■ Task goal
The entries are to be duplicated exactly, with nothing left out.
[[ Data for this task, beginning ]]
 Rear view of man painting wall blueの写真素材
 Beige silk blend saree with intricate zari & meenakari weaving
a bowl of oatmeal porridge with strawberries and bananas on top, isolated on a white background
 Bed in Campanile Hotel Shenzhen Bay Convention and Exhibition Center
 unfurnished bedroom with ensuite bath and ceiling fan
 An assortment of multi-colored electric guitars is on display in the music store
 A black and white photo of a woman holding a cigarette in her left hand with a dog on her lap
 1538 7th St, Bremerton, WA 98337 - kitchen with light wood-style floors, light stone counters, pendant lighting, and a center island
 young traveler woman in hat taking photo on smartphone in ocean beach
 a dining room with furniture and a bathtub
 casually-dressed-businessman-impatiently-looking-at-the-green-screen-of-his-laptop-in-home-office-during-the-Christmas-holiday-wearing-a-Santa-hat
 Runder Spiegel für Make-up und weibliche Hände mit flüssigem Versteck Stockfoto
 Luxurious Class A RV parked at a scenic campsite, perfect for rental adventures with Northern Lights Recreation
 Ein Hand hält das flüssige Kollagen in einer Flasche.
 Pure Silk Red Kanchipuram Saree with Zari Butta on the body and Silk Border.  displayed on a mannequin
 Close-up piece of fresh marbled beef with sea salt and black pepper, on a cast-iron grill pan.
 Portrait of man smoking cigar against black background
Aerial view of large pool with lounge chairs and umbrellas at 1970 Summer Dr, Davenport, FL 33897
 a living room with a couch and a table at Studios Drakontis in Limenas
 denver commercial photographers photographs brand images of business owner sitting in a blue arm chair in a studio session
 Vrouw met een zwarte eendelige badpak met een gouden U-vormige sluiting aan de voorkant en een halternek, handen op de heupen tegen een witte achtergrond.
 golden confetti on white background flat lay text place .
[[ Data for this task, end ]]
■ Written solution
 Rear view of man painting wall blueの写真素材
 Beige silk blend saree with intricate zari & meenakari weaving
a bowl of oatmeal porridge with strawberries and bananas on top, isolated on a white background
 Bed in Campanile Hotel Shenzhen Bay Convention and Exhibition Center
 unfurnished bedroom with ensuite bath and ceiling fan
 An assortment of multi-colored electric guitars is on display in the music store
 A black and white photo of a woman holding a cigarette in her left hand with a dog on her lap
 1538 7th St, Bremerton, WA 98337 - kitchen with light wood-style floors, light stone counters, pendant lighting, and a center island
 young traveler woman in hat taking photo on smartphone in ocean beach
 a dining room with furniture and a bathtub
 casually-dressed-businessman-impatiently-looking-at-the-green-screen-of-his-laptop-in-home-office-during-the-Christmas-holiday-wearing-a-Santa-hat
 Runder Spiegel für Make-up und weibliche Hände mit flüssigem Versteck Stockfoto
 Luxurious Class A RV parked at a scenic campsite, perfect for rental adventures with Northern Lights Recreation
 Ein Hand hält das flüssige Kollagen in einer Flasche.
 Pure Silk Red Kanchipuram Saree with Zari Butta on the body and Silk Border.  displayed on a mannequin
 Close-up piece of fresh marbled beef with sea salt and black pepper, on a cast-iron grill pan.
 Portrait of man smoking cigar against black background
Aerial view of large pool with lounge chairs and umbrellas at 1970 Summer Dr, Davenport, FL 33897
 a living room with a couch and a table at Studios Drakontis in Limenas
 denver commercial photographers photographs brand images of business owner sitting in a blue arm chair in a studio session
 Vrouw met een zwarte eendelige badpak met een gouden U-vormige sluiting aan de voorkant en een halternek, handen op de heupen tegen een witte achtergrond.
 golden confetti on white background flat lay text place .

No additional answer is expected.